- Opening Delimiter -
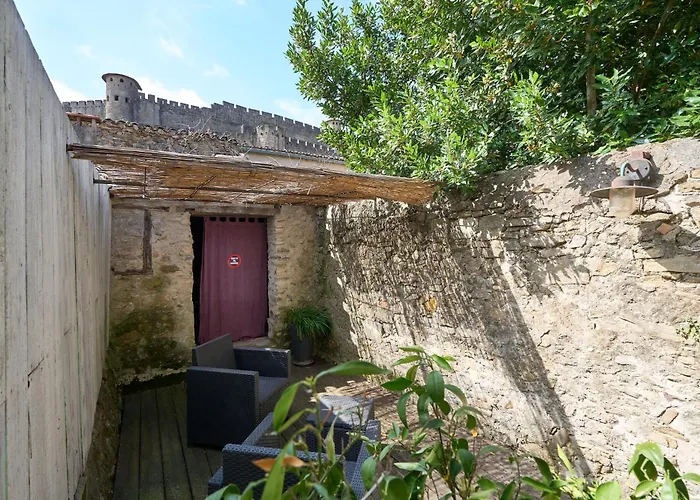 Дом отдыха Casa Royal Direct View To The 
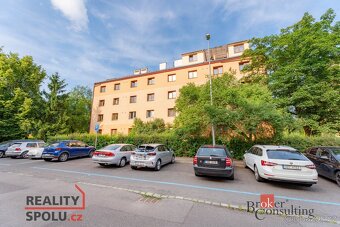 Podnájem, byty/1+1, 30 m2, Stallichova 512/6, Krč, 14000 Pra - 10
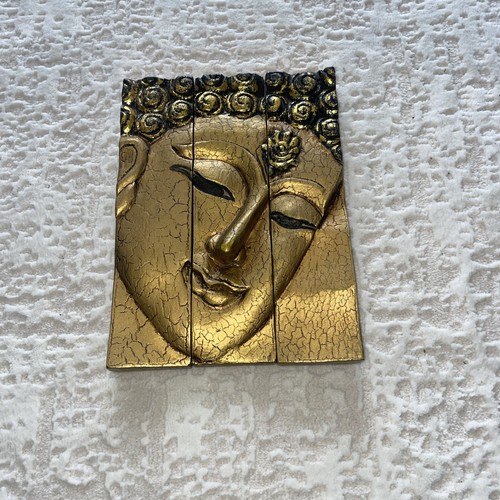 Gold buddha wall art - buddha,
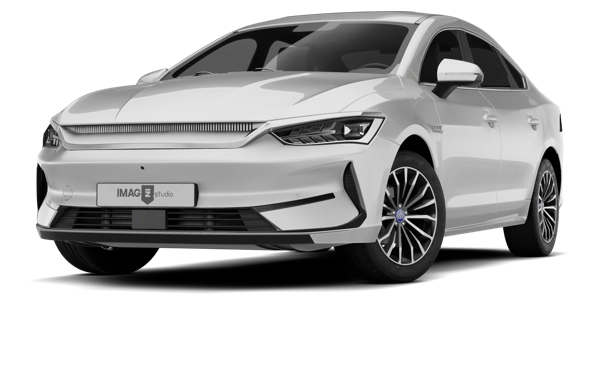 BYD QIN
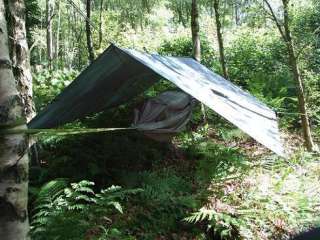 DD TARP 3 x 3m* Ultralight Camping Basha/ Hootchie  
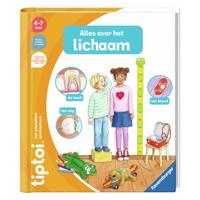 Ravensburger Tiptoi boek alles over het lichaam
- Closing Delimiter -
ASSIGNED TASK: Exclude the pictures, then retype every record exactly.

EXPECTED OUTPUT:
 Дом отдыха Casa Royal Direct View To The 
 Podnájem, byty/1+1, 30 m2, Stallichova 512/6, Krč, 14000 Pra - 10
 Gold buddha wall art - buddha,
 BYD QIN
 DD TARP 3 x 3m* Ultralight Camping Basha/ Hootchie  
 Ravensburger Tiptoi boek alles over het lichaam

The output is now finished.